• HOW TO COMPLETE THIS TASK:
Could you transcribe exactly the lines from the one containing "Gibson Custom Shop" through the last line of the records below, leaving out the pictures?

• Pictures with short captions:
□ □ □ □
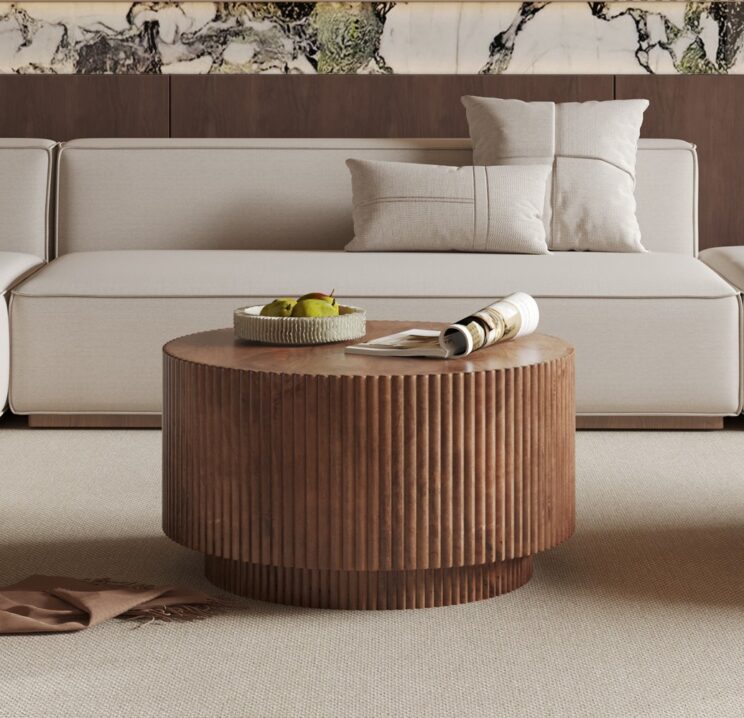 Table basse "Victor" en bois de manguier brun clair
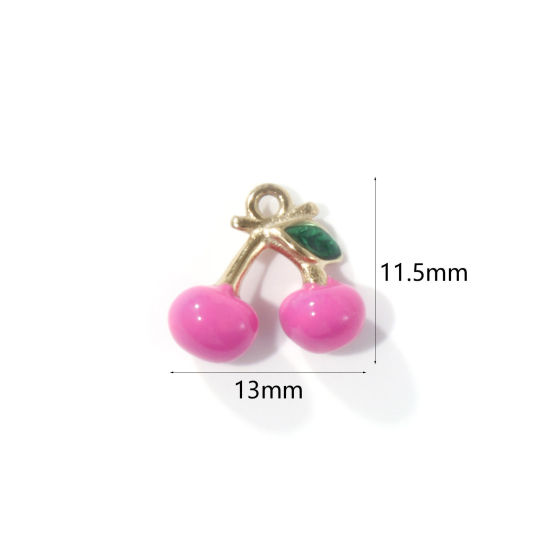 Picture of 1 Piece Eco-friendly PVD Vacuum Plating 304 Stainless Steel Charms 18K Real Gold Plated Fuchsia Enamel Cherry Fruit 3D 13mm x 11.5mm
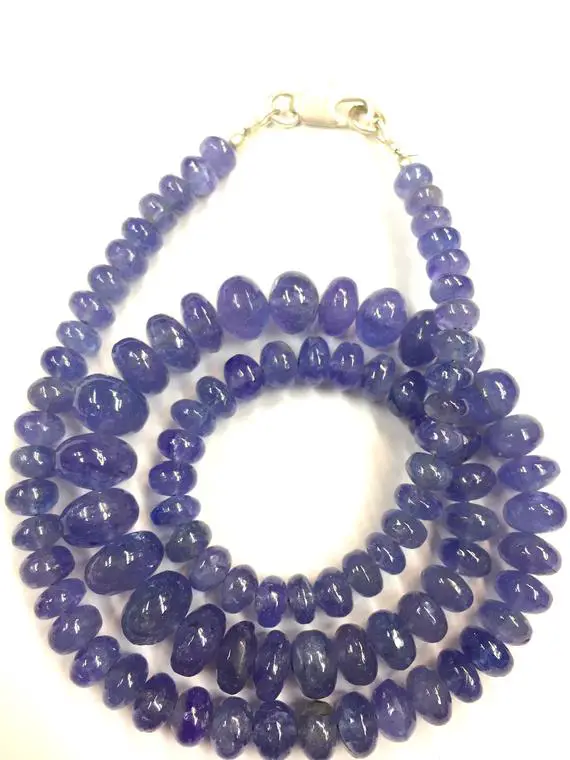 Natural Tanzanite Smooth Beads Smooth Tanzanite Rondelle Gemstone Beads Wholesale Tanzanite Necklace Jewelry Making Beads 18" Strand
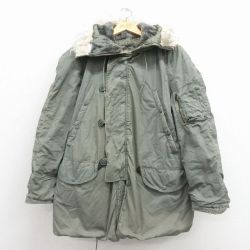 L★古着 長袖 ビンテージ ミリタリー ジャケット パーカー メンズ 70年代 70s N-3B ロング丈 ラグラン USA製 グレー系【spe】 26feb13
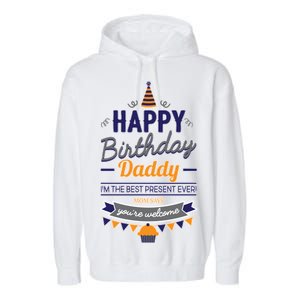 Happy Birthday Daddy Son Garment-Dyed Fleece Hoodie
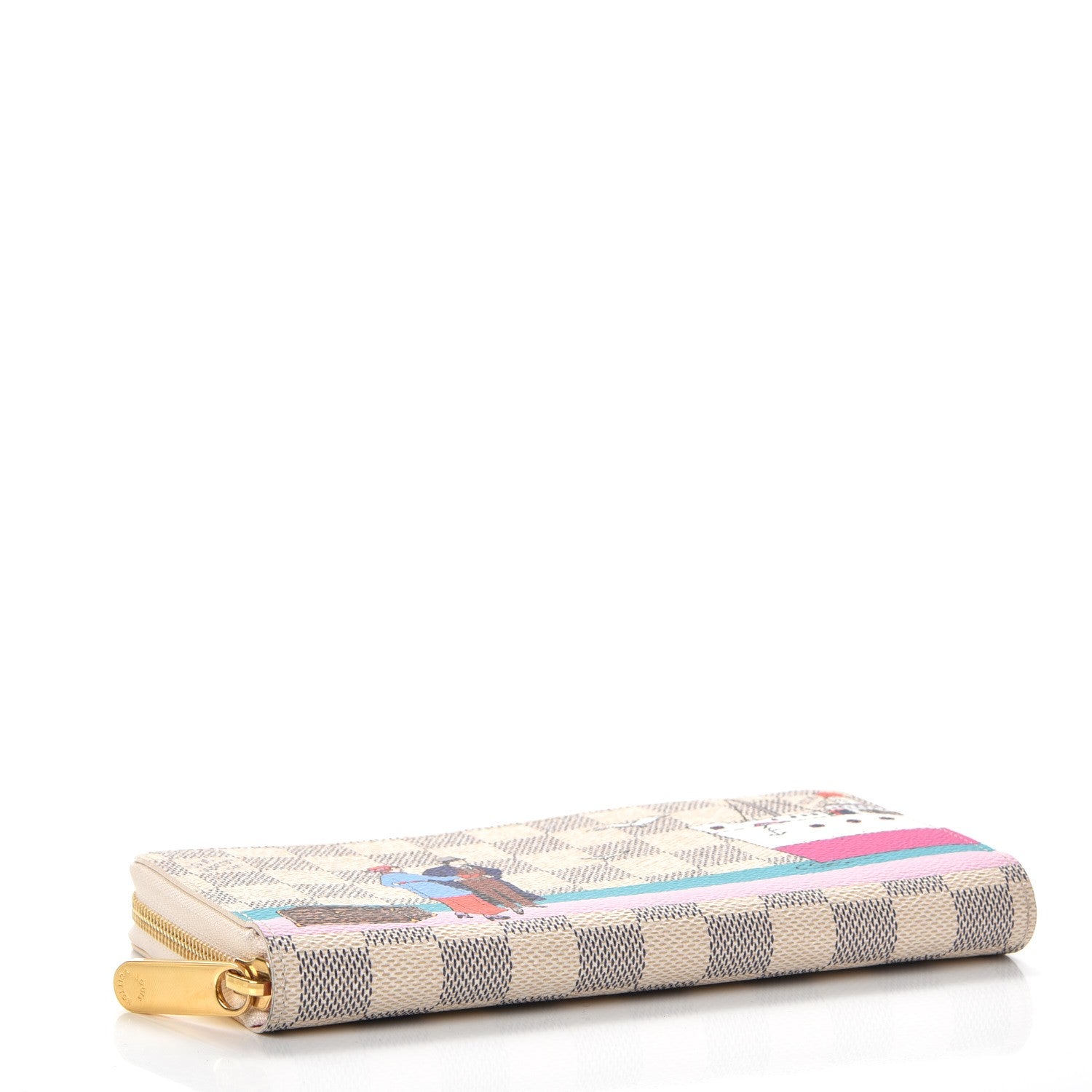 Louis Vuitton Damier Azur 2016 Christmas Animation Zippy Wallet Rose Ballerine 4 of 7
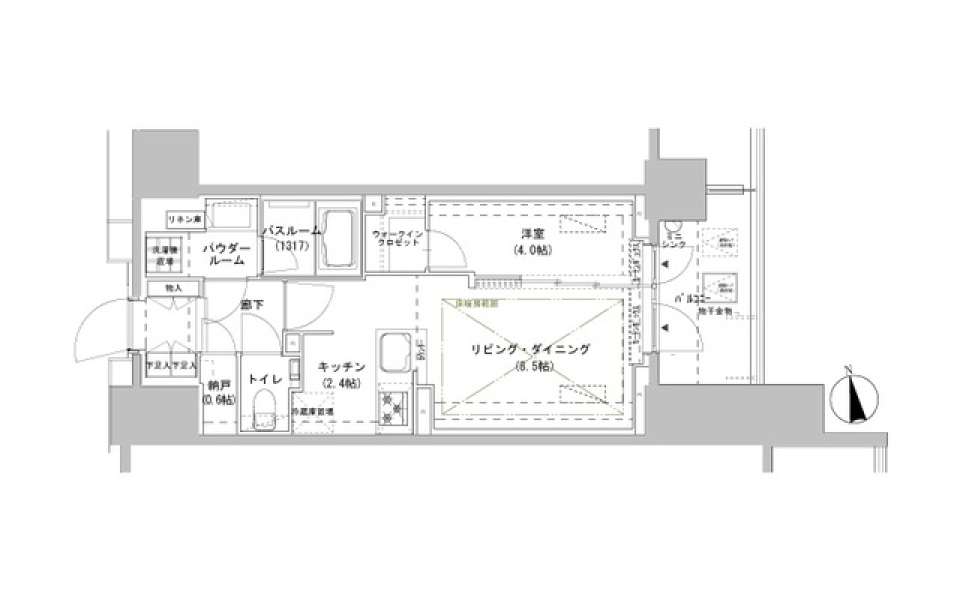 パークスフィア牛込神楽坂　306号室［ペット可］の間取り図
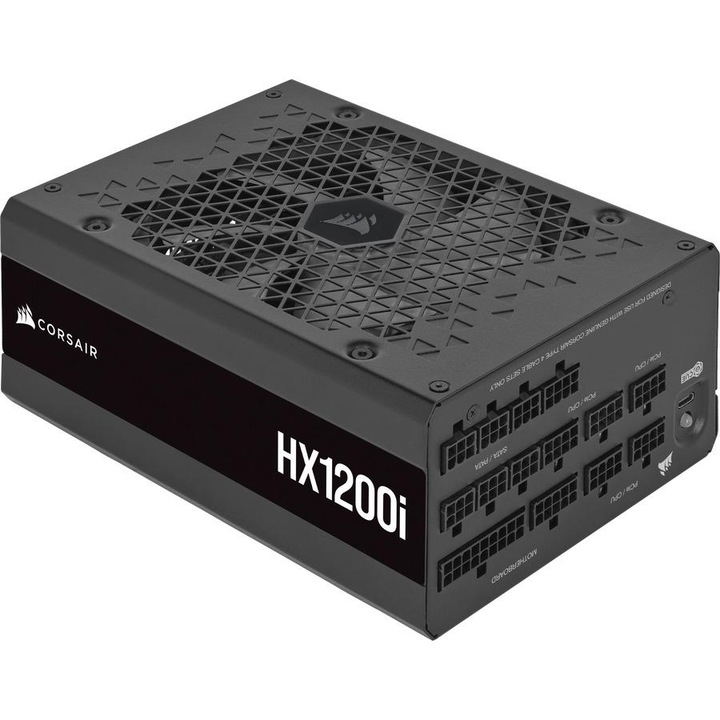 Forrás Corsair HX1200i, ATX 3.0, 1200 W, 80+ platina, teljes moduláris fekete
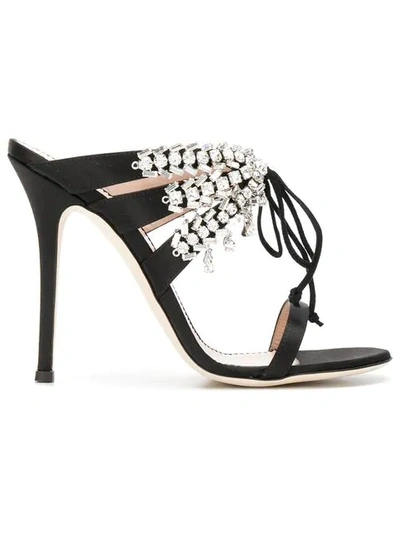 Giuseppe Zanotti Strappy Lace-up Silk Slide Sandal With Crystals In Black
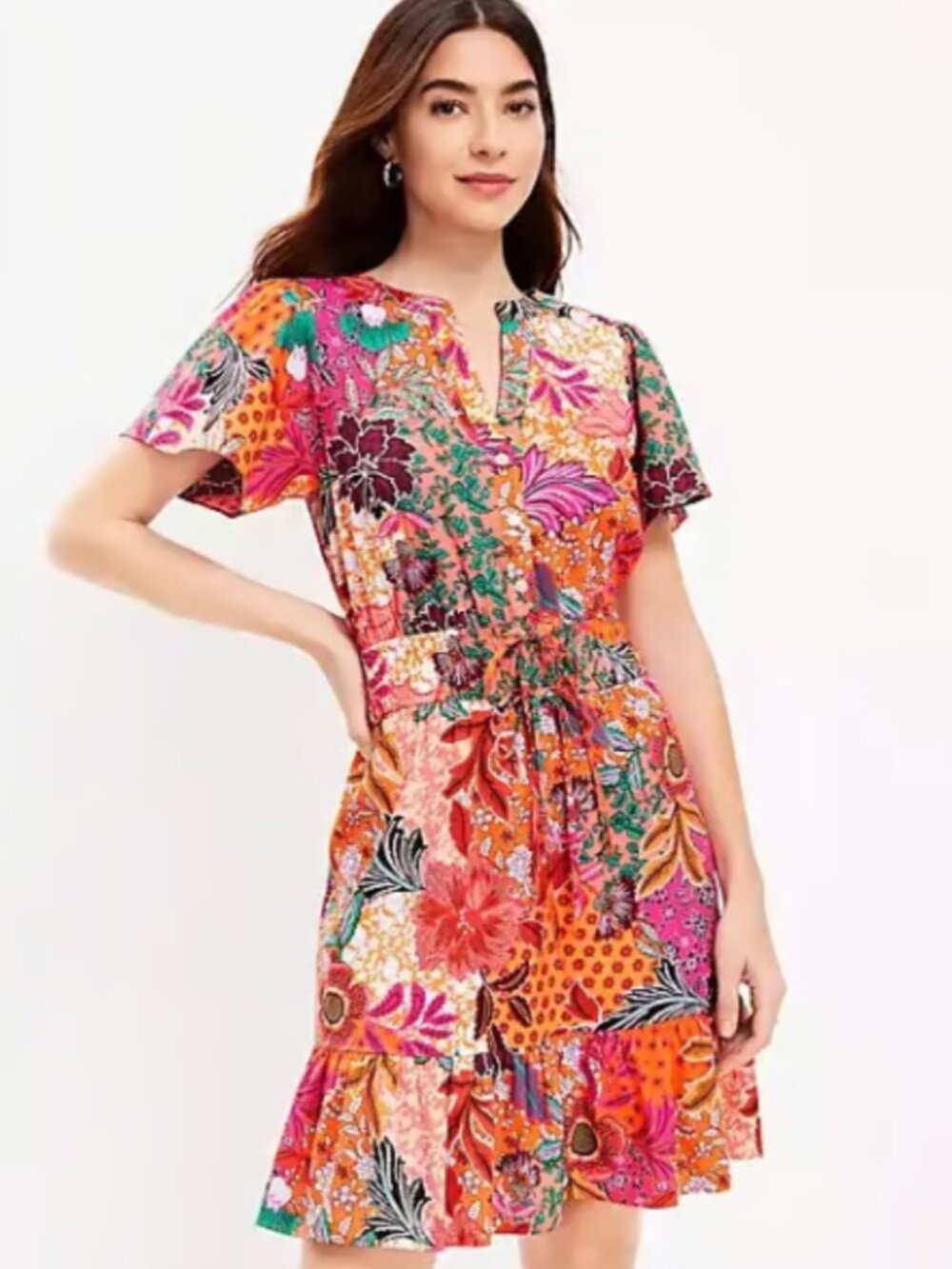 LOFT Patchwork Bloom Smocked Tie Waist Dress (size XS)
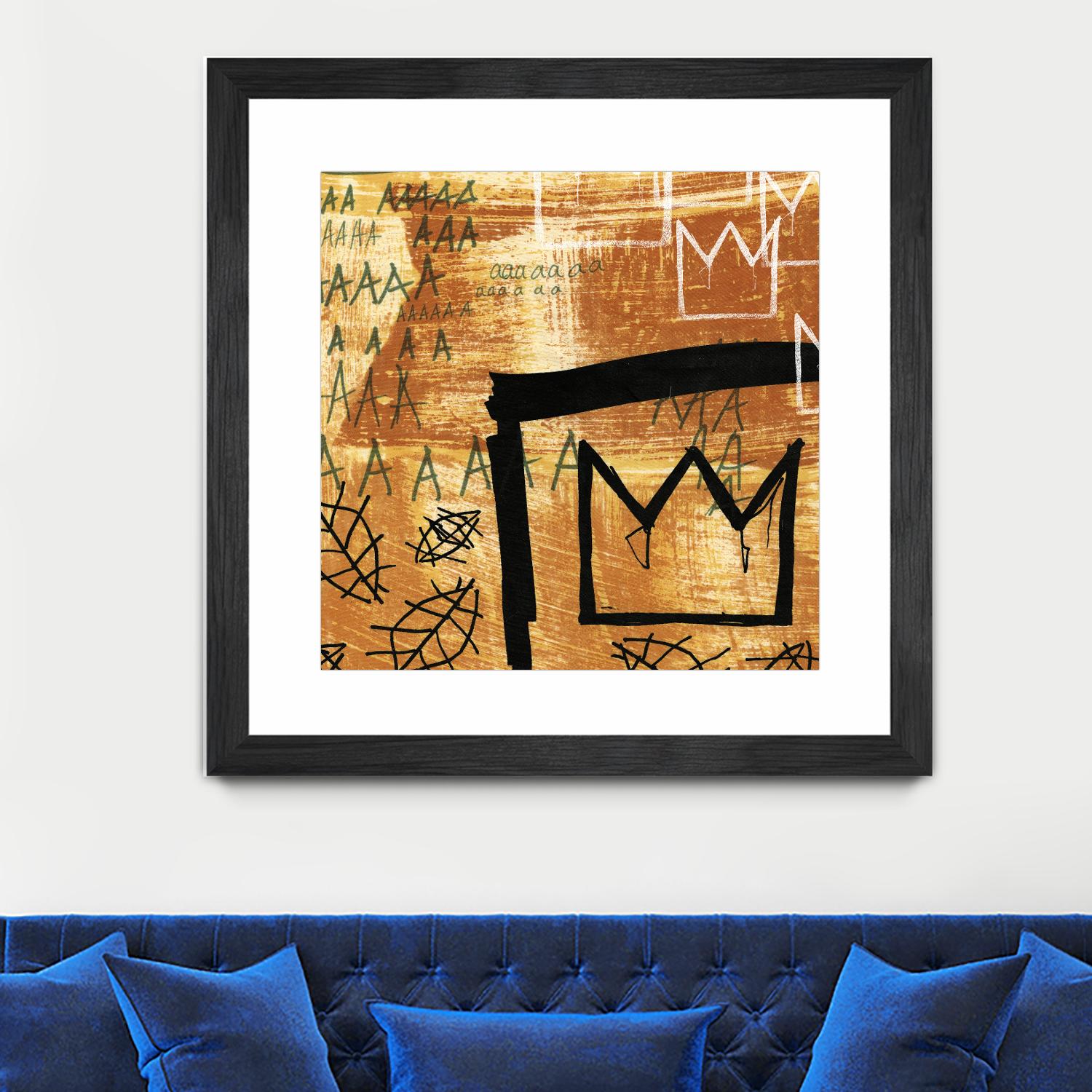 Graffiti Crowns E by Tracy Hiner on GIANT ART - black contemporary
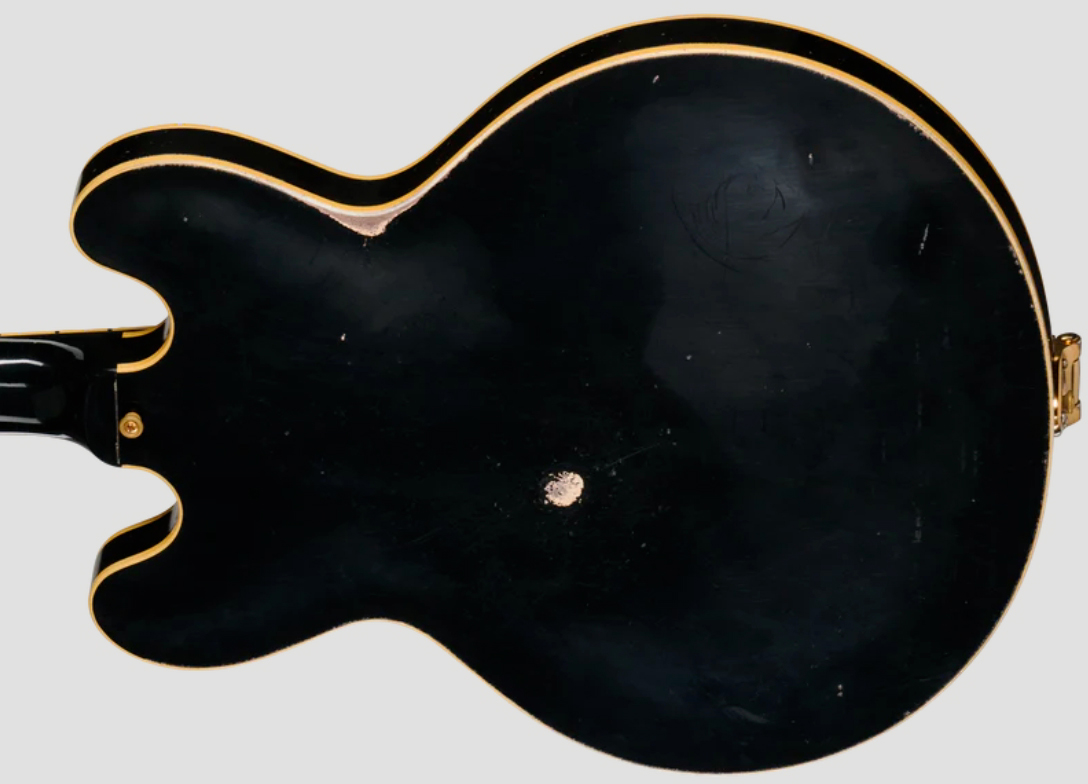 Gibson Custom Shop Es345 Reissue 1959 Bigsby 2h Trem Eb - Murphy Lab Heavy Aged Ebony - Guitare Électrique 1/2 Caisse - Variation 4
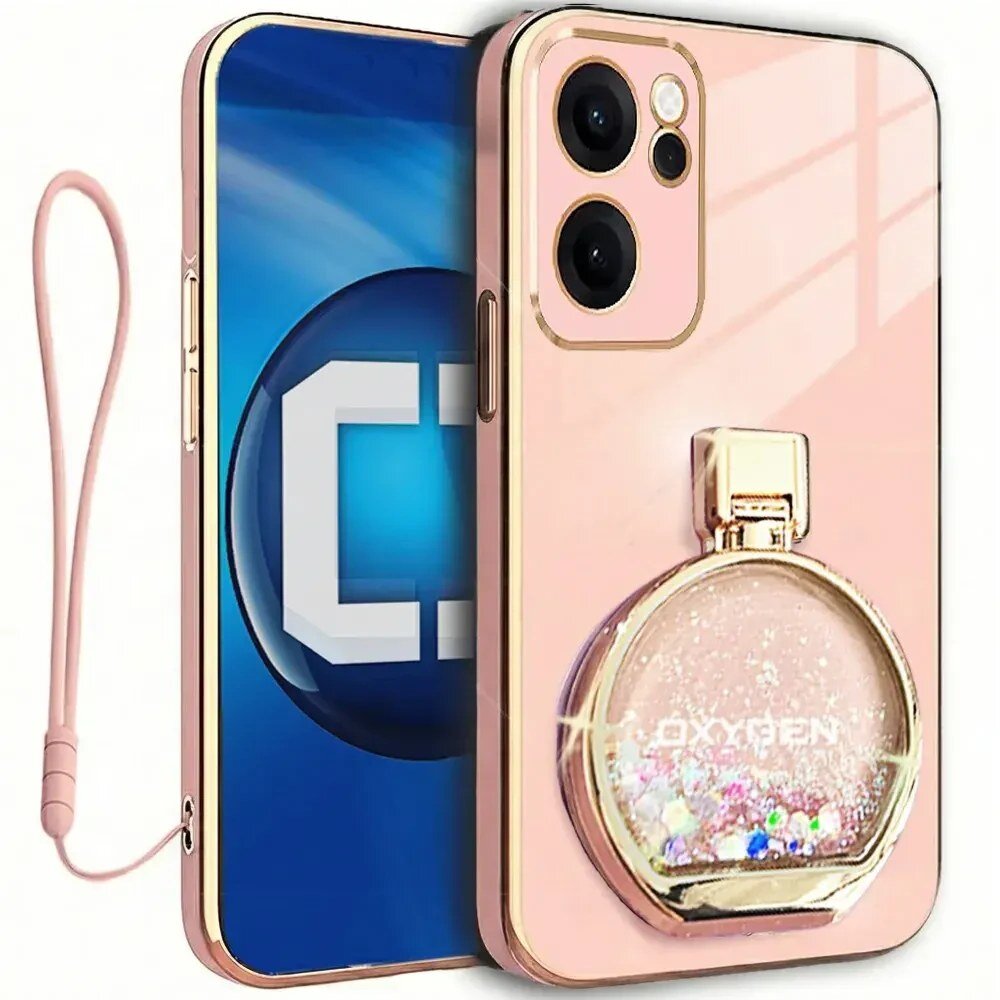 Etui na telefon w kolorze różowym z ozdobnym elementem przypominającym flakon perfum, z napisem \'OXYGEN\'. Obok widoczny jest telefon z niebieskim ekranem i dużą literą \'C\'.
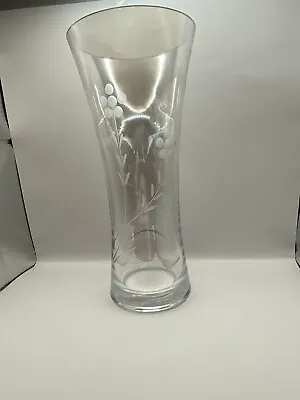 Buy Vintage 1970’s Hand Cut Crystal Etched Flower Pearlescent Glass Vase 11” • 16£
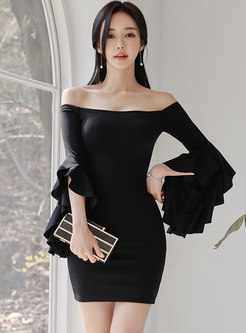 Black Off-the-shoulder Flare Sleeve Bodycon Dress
□ □ □ □
• EXERCISE RESPONSE:
 Gibson Custom Shop Es345 Reissue 1959 Bigsby 2h Trem Eb - Murphy Lab Heavy Aged Ebony - Guitare Électrique 1/2 Caisse - Variation 4
 Etui na telefon w kolorze różowym z ozdobnym elementem przypominającym flakon perfum, z napisem \'OXYGEN\'. Obok widoczny jest telefon z niebieskim ekranem i dużą literą \'C\'.
 Buy Vintage 1970’s Hand Cut Crystal Etched Flower Pearlescent Glass Vase 11” • 16£
 Black Off-the-shoulder Flare Sleeve Bodycon Dress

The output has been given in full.